Steelers/Giants on Friday night brings us a timely example. If you are not a student of recent NFL preseason results and only saw the headline "Steelers coach Mike Tomlin likes preseason games" without reading the article from the Pittsburgh Tribune-Review (and I don’t mean to pick on them because I have friends that work for the paper), where would that take your thought processes? Might you think the Steelers could be live underdogs tonight?

The reality is much different. Perhaps Tomlin does “like” preseason games, but it is for reasons that don’t connect up much with the scoreboard outcomes. In fact, Tomlin’s recent run has been rather abysmal, a 3-14 SU over the last four seasons, including 0-8 on the road in which the average defeat was by a dozen points. You even have to put an * by one of the wins – the Steelers beat New Orleans in Week 3 last year perhaps by default, the Saints currently 0-9 over the last three August auditions.

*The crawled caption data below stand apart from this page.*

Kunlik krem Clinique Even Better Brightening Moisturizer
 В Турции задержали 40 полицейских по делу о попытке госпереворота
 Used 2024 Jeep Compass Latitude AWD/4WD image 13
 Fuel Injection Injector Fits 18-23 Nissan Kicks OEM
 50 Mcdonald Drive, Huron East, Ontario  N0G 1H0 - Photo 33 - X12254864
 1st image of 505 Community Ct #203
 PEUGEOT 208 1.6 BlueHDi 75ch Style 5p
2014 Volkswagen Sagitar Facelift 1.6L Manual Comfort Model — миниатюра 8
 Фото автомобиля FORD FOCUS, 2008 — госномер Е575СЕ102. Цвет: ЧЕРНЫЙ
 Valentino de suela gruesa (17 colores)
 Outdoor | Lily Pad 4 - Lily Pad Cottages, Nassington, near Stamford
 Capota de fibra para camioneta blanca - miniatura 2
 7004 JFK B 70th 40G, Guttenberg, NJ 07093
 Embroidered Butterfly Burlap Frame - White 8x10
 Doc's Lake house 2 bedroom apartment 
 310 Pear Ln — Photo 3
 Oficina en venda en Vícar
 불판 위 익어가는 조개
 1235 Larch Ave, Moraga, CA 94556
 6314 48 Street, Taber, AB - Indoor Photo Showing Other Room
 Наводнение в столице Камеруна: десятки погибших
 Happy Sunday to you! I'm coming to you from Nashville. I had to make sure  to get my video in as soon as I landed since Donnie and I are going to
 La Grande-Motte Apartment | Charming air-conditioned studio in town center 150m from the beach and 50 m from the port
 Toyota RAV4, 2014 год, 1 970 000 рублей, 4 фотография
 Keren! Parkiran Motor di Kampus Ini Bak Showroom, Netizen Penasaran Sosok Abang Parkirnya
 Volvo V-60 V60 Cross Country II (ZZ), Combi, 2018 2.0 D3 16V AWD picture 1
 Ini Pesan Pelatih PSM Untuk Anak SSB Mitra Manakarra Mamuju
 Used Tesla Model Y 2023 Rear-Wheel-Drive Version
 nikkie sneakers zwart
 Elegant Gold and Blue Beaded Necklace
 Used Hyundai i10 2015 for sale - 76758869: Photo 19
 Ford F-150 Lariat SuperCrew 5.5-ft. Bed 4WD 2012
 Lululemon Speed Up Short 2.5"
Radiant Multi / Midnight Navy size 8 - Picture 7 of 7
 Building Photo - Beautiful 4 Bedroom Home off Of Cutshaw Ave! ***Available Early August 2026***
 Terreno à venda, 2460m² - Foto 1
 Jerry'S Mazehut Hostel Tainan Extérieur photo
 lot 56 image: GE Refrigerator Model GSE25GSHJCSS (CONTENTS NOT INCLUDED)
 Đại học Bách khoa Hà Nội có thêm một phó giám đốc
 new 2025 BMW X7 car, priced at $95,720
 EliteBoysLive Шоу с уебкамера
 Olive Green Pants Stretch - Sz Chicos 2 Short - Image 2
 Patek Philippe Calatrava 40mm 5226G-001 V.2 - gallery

So what was the Tribune-Review article about? Tomlin crafting an almost humorous positive take on these games, reaching back for just about anything he could find. This pretty much sums it up:

“I've had an appreciation for the preseason going all the way back to my position coach days. I'm just a lover of football. I believe all of these (young players) here working have a legitimate chance, and I think the preseason games give the guys an opportunity to put their skills on display — not only for (the Steelers) but for the other 31 teams. This process that is team development and division of labor and team building, I just have a lot of respect for it and appreciation for it. And I think the preseason games are a big part of it.”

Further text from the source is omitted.